(Caption-style text data)
# # # #

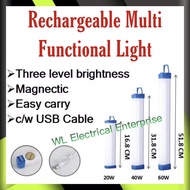 LED Lithium light Tube /Rechargeable tube lamp bateri menthol pasar malam lampu 20w 40w 60w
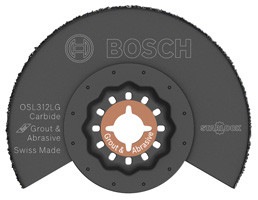 Bosch OSL312LG 3-1/2 In. Starlock Oscillating Multi Tool Carbide Grit Grout Blade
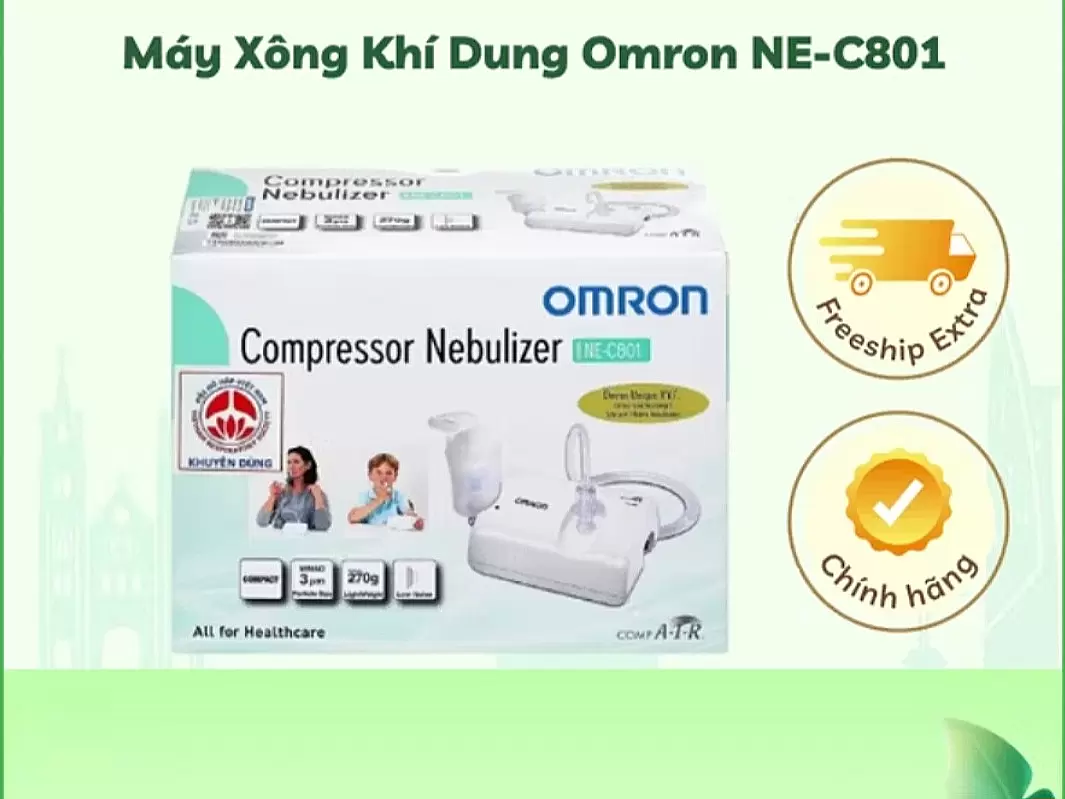 Máy xông khí dung Omron NE-C801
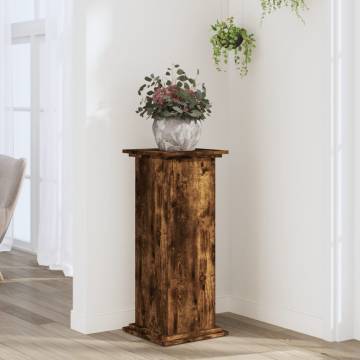 Plant Stand Smoked Oak 33x33x80 cm - Stylish & Durable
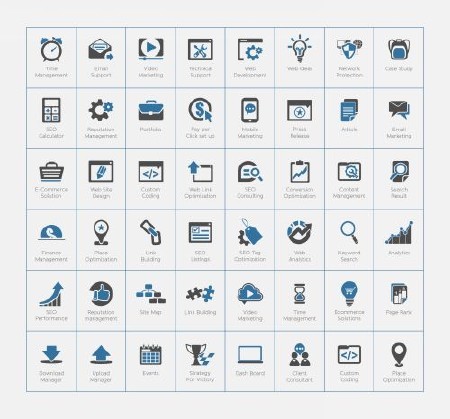 Flat Icons #40 - 25 Vectors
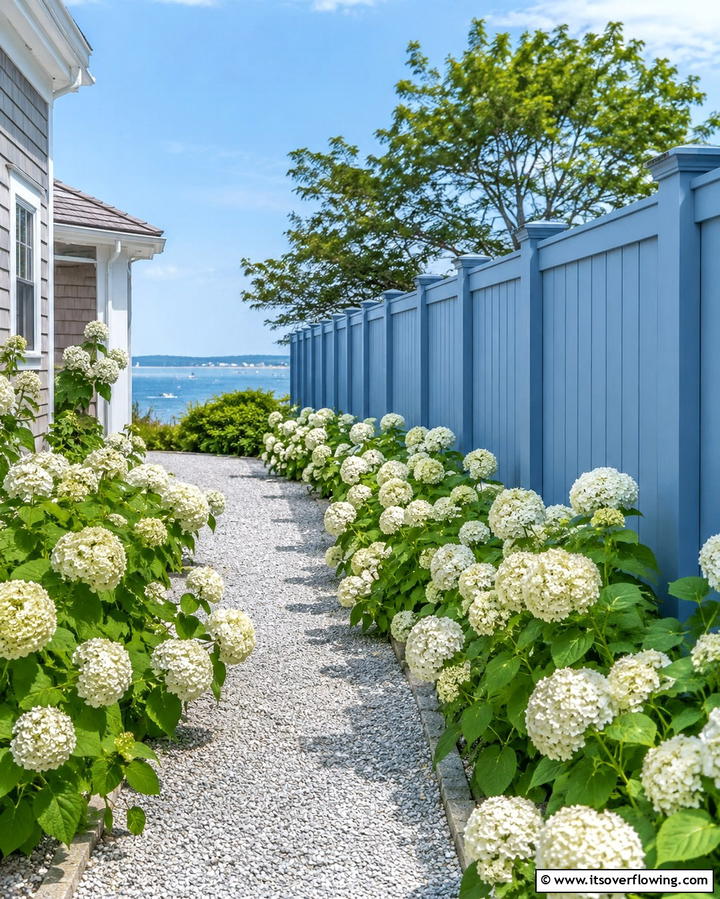 Soft Blue - 30 Best Fence Paint Colors for Outdoor Style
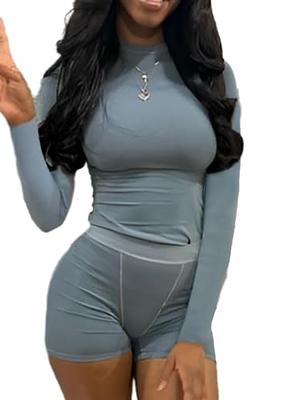 AYWA Casual Workout Sets Two Piece Outfits for Women Ribbed Crop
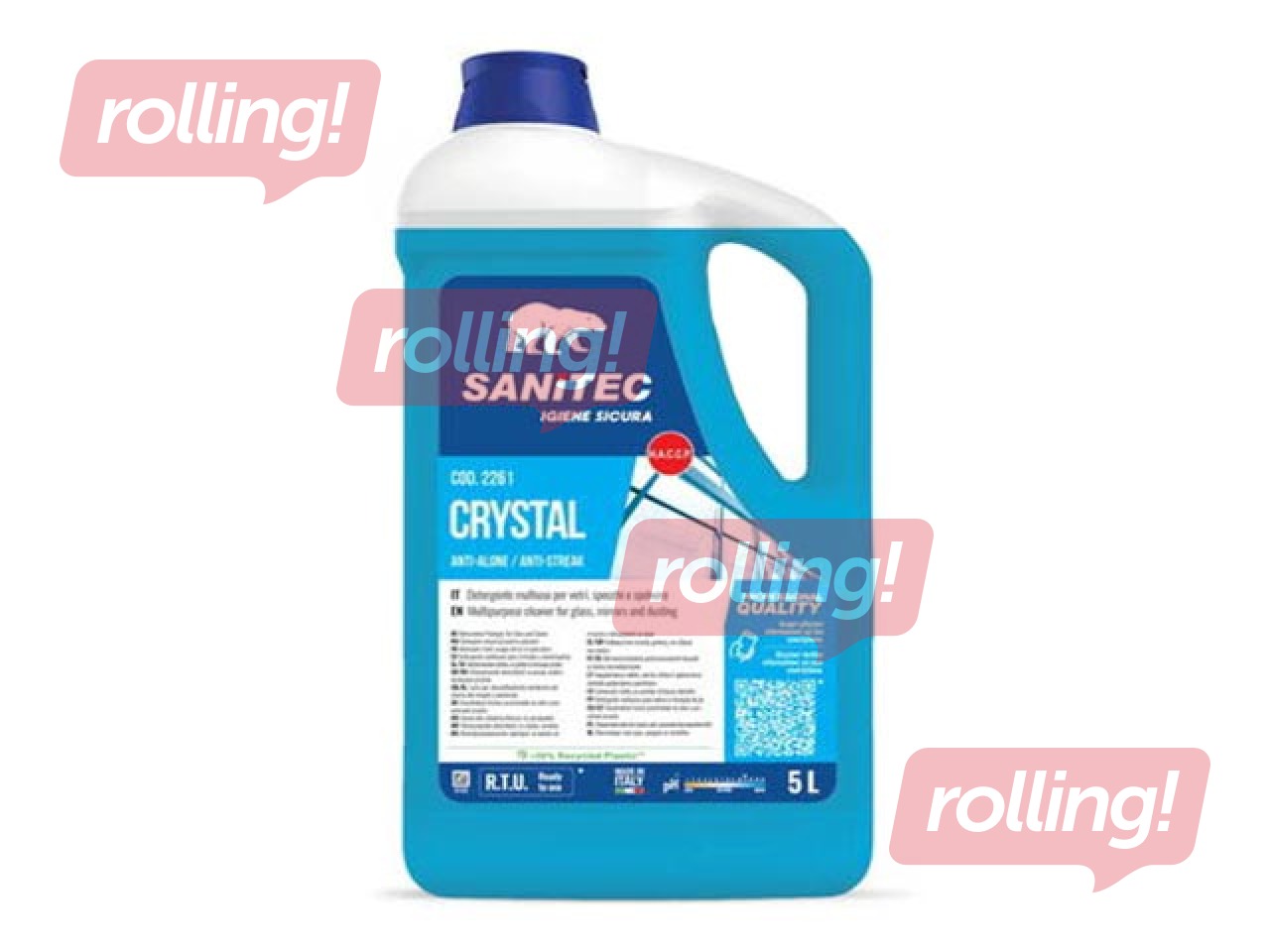 Universaalne klaasipuhastusvahend Sanitec Crystal, 5l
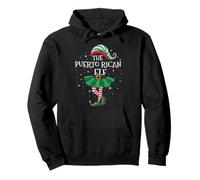Family Matching Men Women The Puerto Rican Elf Christmas Pullover Hoodie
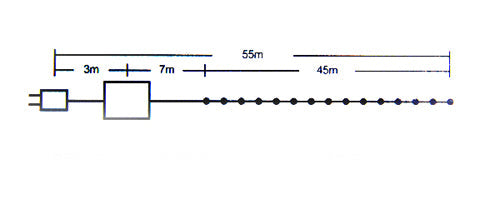 Outdoor Decorations & Lights: Samland 55M Long 500 LED Fairy Rope Christmas Light in Ultra White
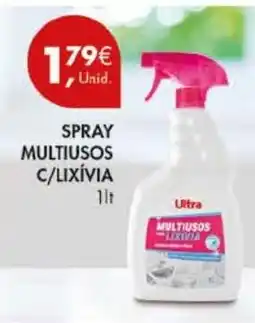 Pingo Doce spray multiusos c/lixívia ultra promoção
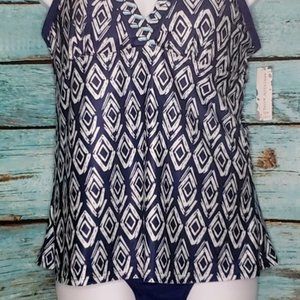 Never worn blue halter tankini (internet buy)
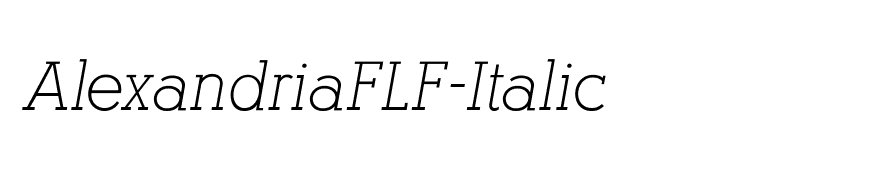 AlexandriaFLF-Italic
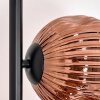 Ripoll floor lamp coppery, 5-light sources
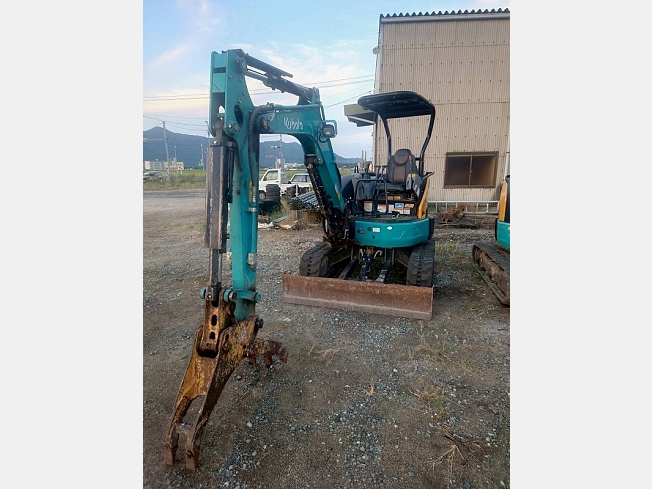 U-35α 併用配管付き フォーク バケット クボタ ミニ油圧ショベル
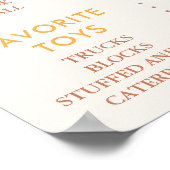 1回目のまわりにの日節目1回目の誕生日 ポスター (角)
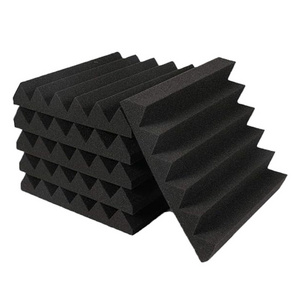 Acoustic Foam Wedge for Studio Soundproofing Panels Fire Resistant Sound Proof Padding Acoustic Treatment Foam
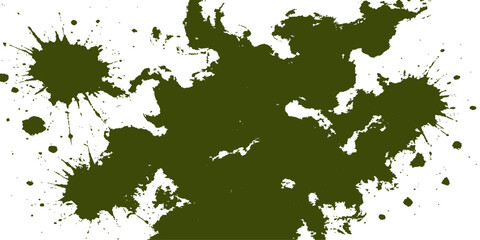 Obraz premium Green paint splashes on a grunge paper texture background with a vector map of Europe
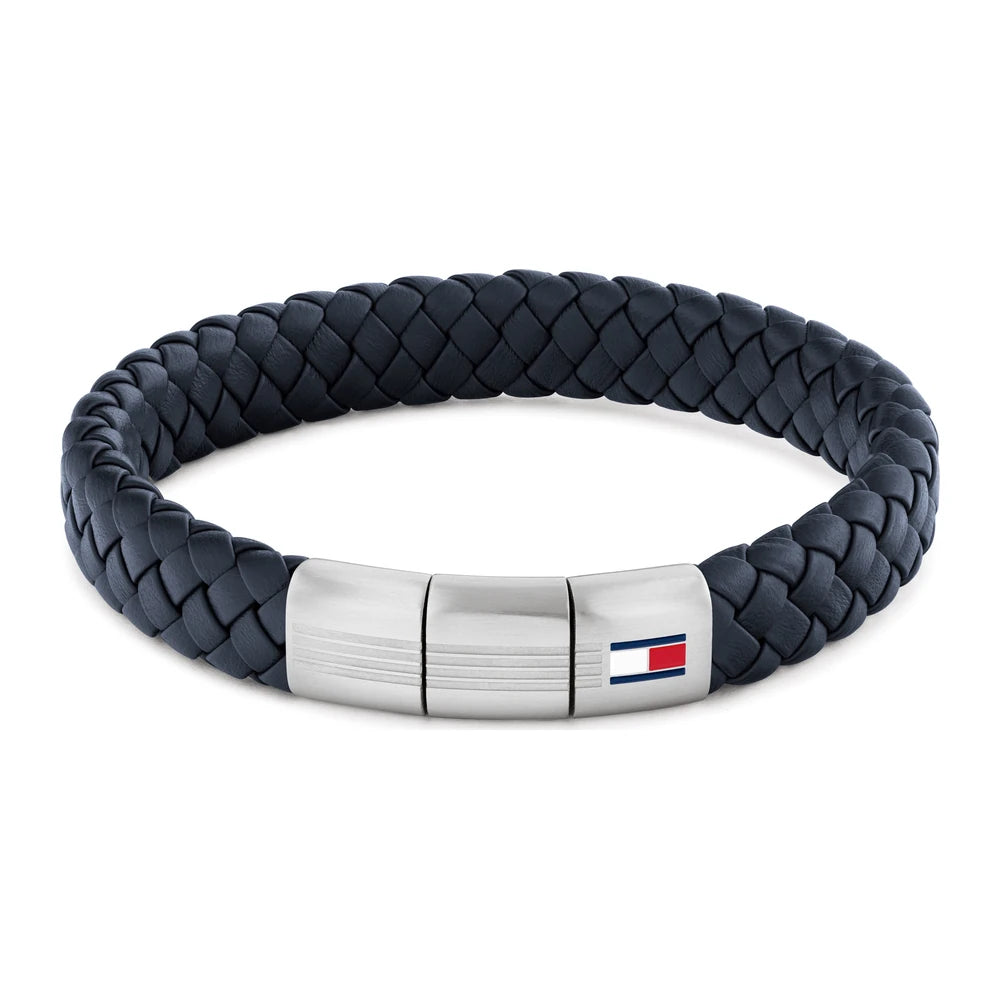 Tommy Hilfiger Round Braided miesten rannekoru sininen THJ2790660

# # # #

## Directions
Since pictures are not part of the copy, set down only the remaining data exactly.

## Solved problem
 LED Lithium light Tube /Rechargeable tube lamp bateri menthol pasar malam lampu 20w 40w 60w
 Bosch OSL312LG 3-1/2 In. Starlock Oscillating Multi Tool Carbide Grit Grout Blade
 Máy xông khí dung Omron NE-C801
 Plant Stand Smoked Oak 33x33x80 cm - Stylish & Durable
 Flat Icons #40 - 25 Vectors
 Soft Blue - 30 Best Fence Paint Colors for Outdoor Style
 AYWA Casual Workout Sets Two Piece Outfits for Women Ribbed Crop
 Universaalne klaasipuhastusvahend Sanitec Crystal, 5l
Family Matching Men Women The Puerto Rican Elf Christmas Pullover Hoodie
 Outdoor Decorations & Lights: Samland 55M Long 500 LED Fairy Rope Christmas Light in Ultra White
 Pingo Doce spray multiusos c/lixívia ultra promoção
 Never worn blue halter tankini (internet buy)
 AlexandriaFLF-Italic
 Ripoll floor lamp coppery, 5-light sources
 U-35α 併用配管付き フォーク バケット クボタ ミニ油圧ショベル
 1回目のまわりにの日節目1回目の誕生日 ポスター (角)
 Acoustic Foam Wedge for Studio Soundproofing Panels Fire Resistant Sound Proof Padding Acoustic Treatment Foam
 Obraz premium Green paint splashes on a grunge paper texture background with a vector map of Europe
 Tommy Hilfiger Round Braided miesten rannekoru sininen THJ2790660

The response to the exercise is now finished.